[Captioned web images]
..........

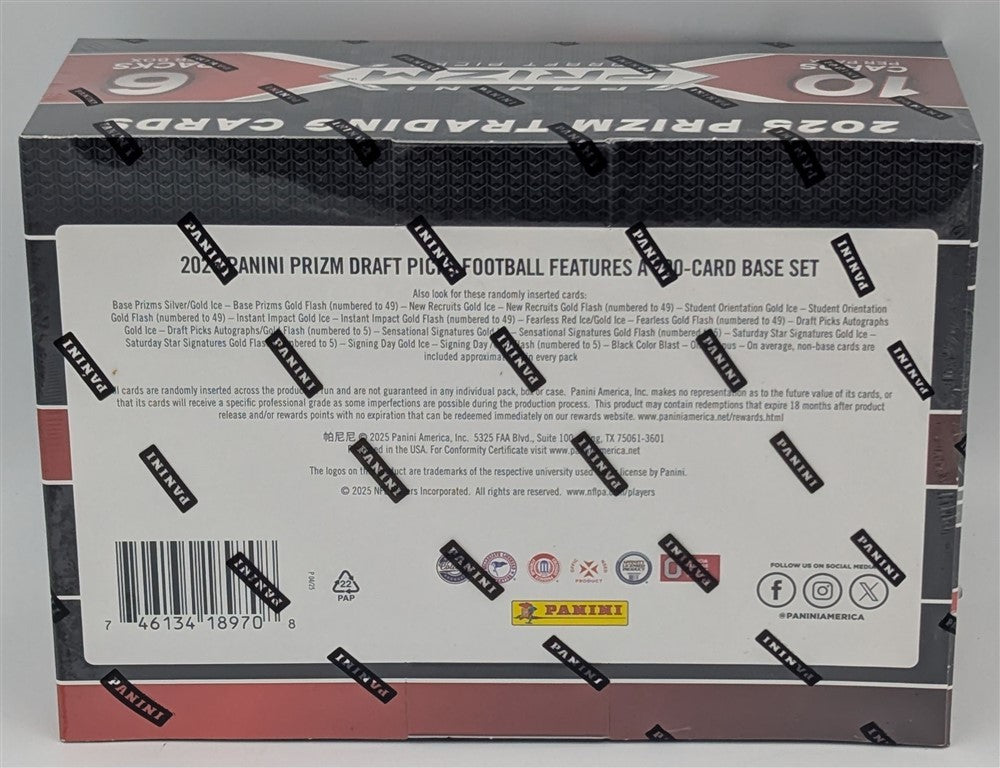 Factory Sealed Mega Box 2025 Panini Prizm Collegiate Draft Picks Football Cards-2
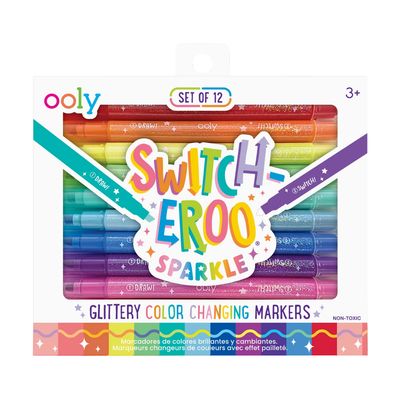 Switch-Eroo Sparkle Glittery Color Changing Markers - Set of 12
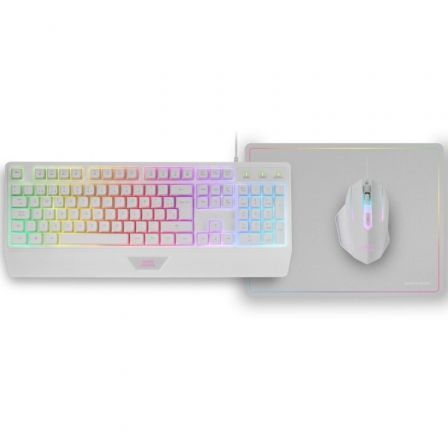Pack Gaming Mars Gaming MCP124/ Teclado H-MECH + Ratón Óptico + Alfombrilla/ Blanco Pack Gaming Mars Gaming MCP124/ Teclado H-MECH + Ratón Óptico + Alfombrilla/ Blanco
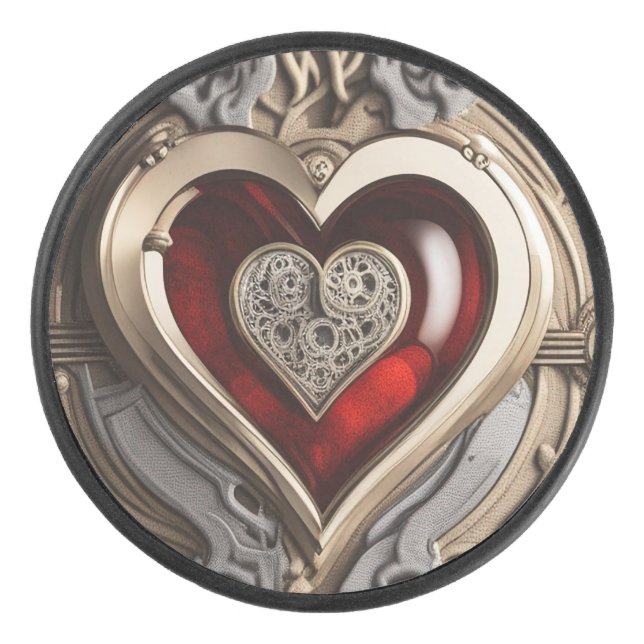 Timeless Steampunk Heart of Love Hockey Puck (Front)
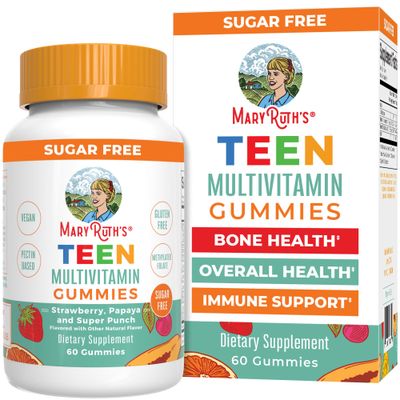 Mary Ruth Multivitamin for Teens | Teen Multivitamin Multimineral Gummies with Vitamin C, Vitamin D and E, B Vitamins, Biotin, Zinc | Teen Vitamins | Vegan | Sugar Free | Gluten Free | 60 Count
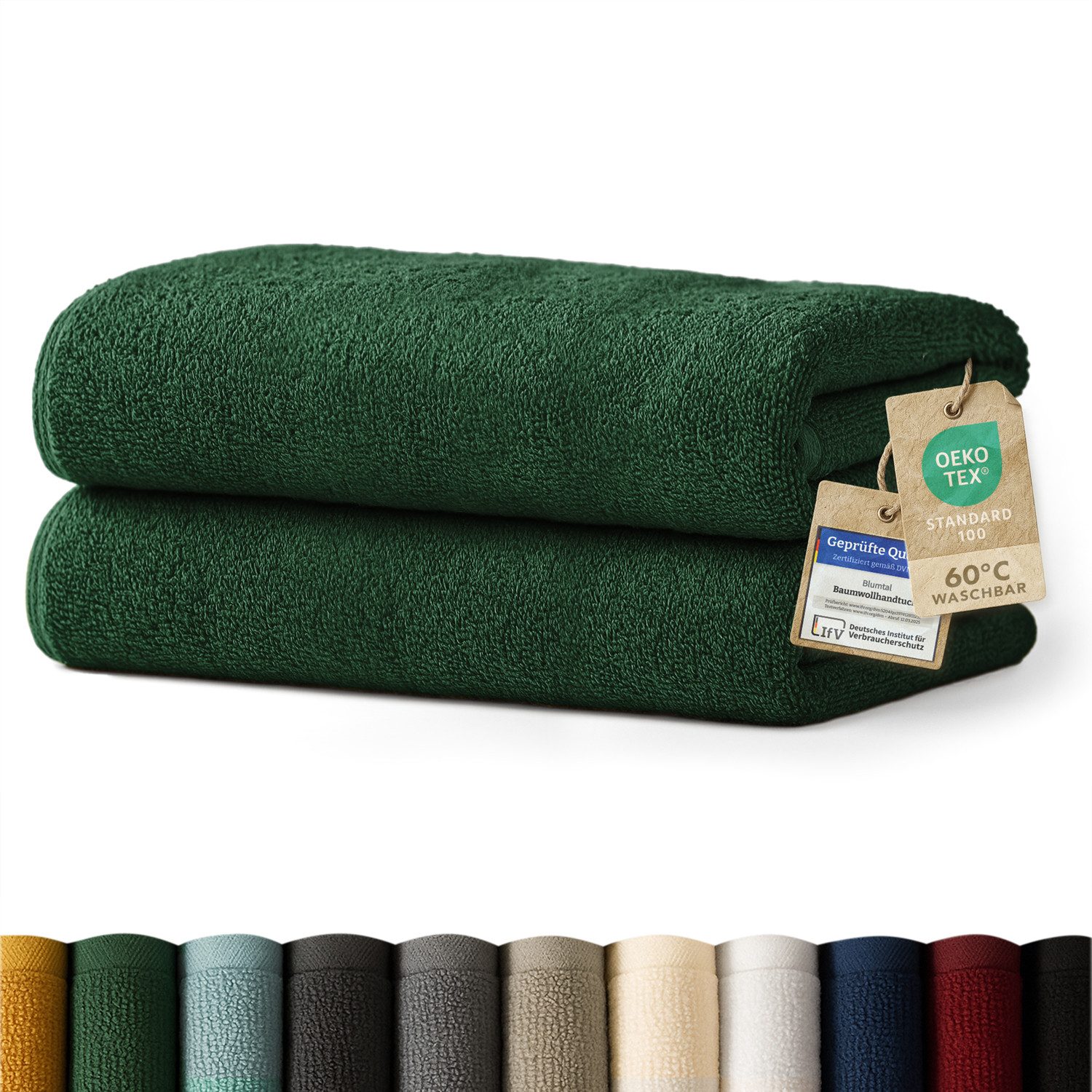 Blumtal Badetücher 2er-Set Premium Frottier-Badetuch in 70x140cm, 100% Baumwolle, Baumwolle (2X (70x140 cm), 2-St), Oeko-TEX zertifiziertes Badetuch - saugstarkes Frottiertücher Set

..........

§ What you will do: Word for word, restate the lines from the line containing "Mary Ruth Multivitamin" through the end of the data, including the first and last of them. Pictures stay out.

§ Answer:
 Mary Ruth Multivitamin for Teens | Teen Multivitamin Multimineral Gummies with Vitamin C, Vitamin D and E, B Vitamins, Biotin, Zinc | Teen Vitamins | Vegan | Sugar Free | Gluten Free | 60 Count
 Blumtal Badetücher 2er-Set Premium Frottier-Badetuch in 70x140cm, 100% Baumwolle, Baumwolle (2X (70x140 cm), 2-St), Oeko-TEX zertifiziertes Badetuch - saugstarkes Frottiertücher Set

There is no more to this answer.